→ PROBLEM TO SOLVE
A verbatim copy is needed of the lines below from the one containing "this 589×600 image." up to and including the one containing "this 1456×819 image.", excluding pictures.

→ INPUT FOR THIS TASK
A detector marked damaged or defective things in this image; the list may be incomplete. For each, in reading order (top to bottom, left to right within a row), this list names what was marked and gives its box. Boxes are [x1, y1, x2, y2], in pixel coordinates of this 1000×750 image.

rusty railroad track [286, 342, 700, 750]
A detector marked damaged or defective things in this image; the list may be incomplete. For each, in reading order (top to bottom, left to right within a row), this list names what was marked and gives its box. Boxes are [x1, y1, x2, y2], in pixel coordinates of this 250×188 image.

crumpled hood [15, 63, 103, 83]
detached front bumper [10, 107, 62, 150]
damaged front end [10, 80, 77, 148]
---
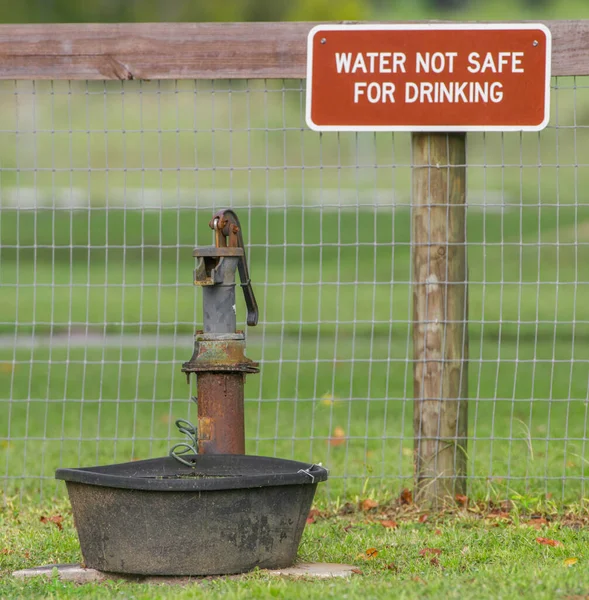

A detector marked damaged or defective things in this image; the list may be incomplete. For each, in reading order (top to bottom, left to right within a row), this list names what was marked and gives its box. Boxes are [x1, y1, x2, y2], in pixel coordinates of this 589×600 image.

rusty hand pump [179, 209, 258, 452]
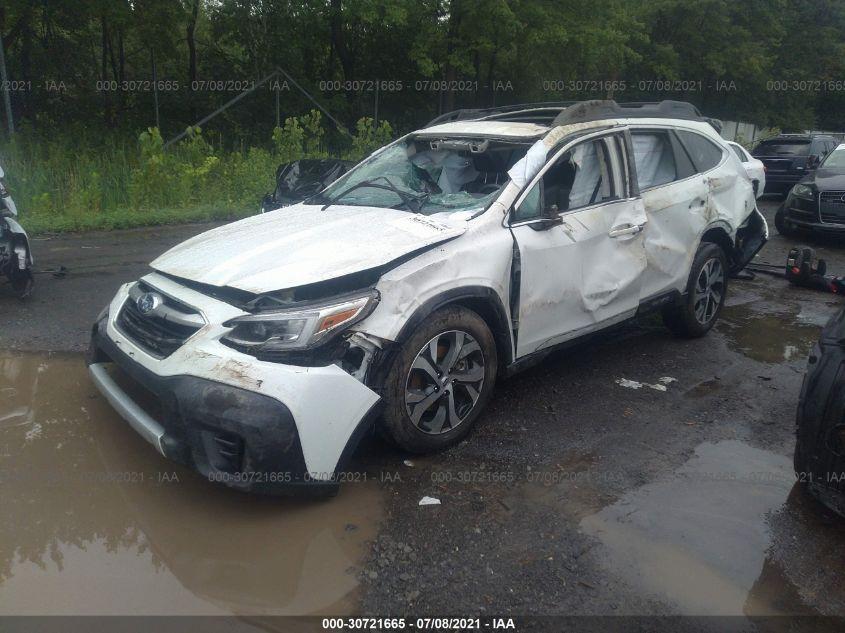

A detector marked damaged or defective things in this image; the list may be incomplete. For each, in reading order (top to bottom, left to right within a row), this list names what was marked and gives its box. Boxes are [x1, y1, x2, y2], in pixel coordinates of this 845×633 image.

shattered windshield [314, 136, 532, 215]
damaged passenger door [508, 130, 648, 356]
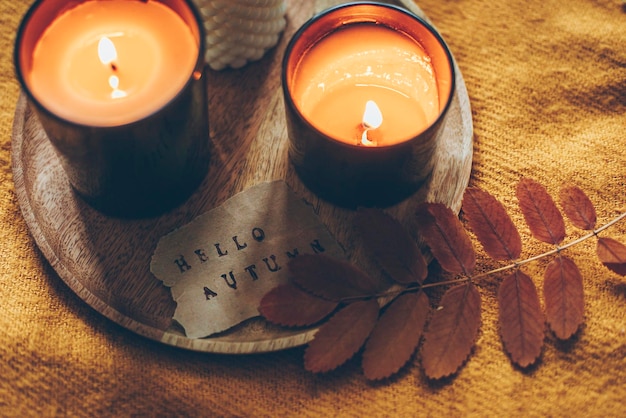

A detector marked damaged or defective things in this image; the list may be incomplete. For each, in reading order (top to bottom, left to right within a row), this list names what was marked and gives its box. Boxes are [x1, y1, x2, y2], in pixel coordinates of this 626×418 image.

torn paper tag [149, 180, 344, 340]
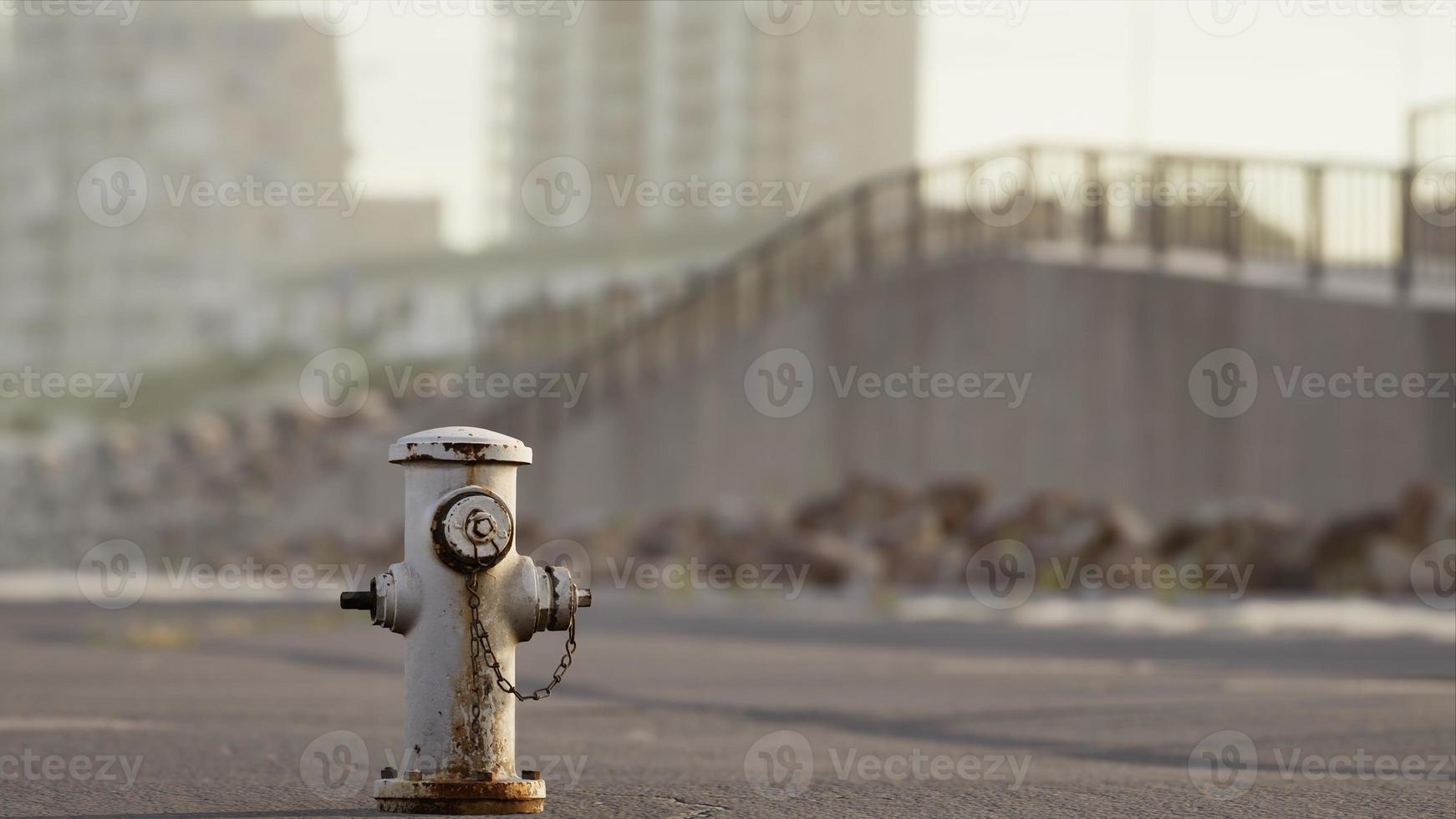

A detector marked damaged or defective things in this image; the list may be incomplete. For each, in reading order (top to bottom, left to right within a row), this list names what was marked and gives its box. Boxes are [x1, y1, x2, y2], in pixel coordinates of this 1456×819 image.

→ ANSWER TO THIS TASK
A detector marked damaged or defective things in this image; the list may be incomplete. For each, in reading order (top to bottom, left to right within a row), this list names what was marked and gives its box. Boxes are [x1, y1, x2, y2], in pixel coordinates of this 589×600 image.

rusty hand pump [179, 209, 258, 452]

A detector marked damaged or defective things in this image; the list may be incomplete. For each, in reading order (top to bottom, left to right within a row), this list names what was marked and gives its box. Boxes are [x1, y1, x2, y2], in pixel coordinates of this 845×633 image.

shattered windshield [314, 136, 532, 215]
damaged passenger door [508, 130, 648, 356]

A detector marked damaged or defective things in this image; the list may be incomplete. For each, in reading order (top to bottom, left to right within a row), this list names what was marked and gives its box. Boxes are [x1, y1, x2, y2], in pixel coordinates of this 626×418 image.

torn paper tag [149, 180, 344, 340]

A detector marked damaged or defective things in this image; the list may be incomplete. For each, in reading order (top to bottom, left to right within a row), this list names what was marked and gives its box. Boxes are [x1, y1, x2, y2], in pixel coordinates of this 1456×819 image.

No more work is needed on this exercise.